What needs to be done: Print, without alteration, the lines that extend from the one holding "Sağlık Meslek Örgütlerinden" to the final line of the listing below.

Given records:
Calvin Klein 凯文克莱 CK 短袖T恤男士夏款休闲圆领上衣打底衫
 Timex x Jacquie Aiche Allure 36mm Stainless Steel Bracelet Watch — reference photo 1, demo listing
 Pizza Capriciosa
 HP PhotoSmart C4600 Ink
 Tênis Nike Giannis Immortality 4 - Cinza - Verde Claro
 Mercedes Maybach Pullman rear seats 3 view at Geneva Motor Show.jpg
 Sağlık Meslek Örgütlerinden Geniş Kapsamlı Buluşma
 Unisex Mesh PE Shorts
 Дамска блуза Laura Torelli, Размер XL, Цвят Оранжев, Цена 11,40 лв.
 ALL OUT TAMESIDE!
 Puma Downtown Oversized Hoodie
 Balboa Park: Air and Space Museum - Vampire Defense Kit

Exercise response:
 Sağlık Meslek Örgütlerinden Geniş Kapsamlı Buluşma
 Unisex Mesh PE Shorts
 Дамска блуза Laura Torelli, Размер XL, Цвят Оранжев, Цена 11,40 лв.
 ALL OUT TAMESIDE!
 Puma Downtown Oversized Hoodie
 Balboa Park: Air and Space Museum - Vampire Defense Kit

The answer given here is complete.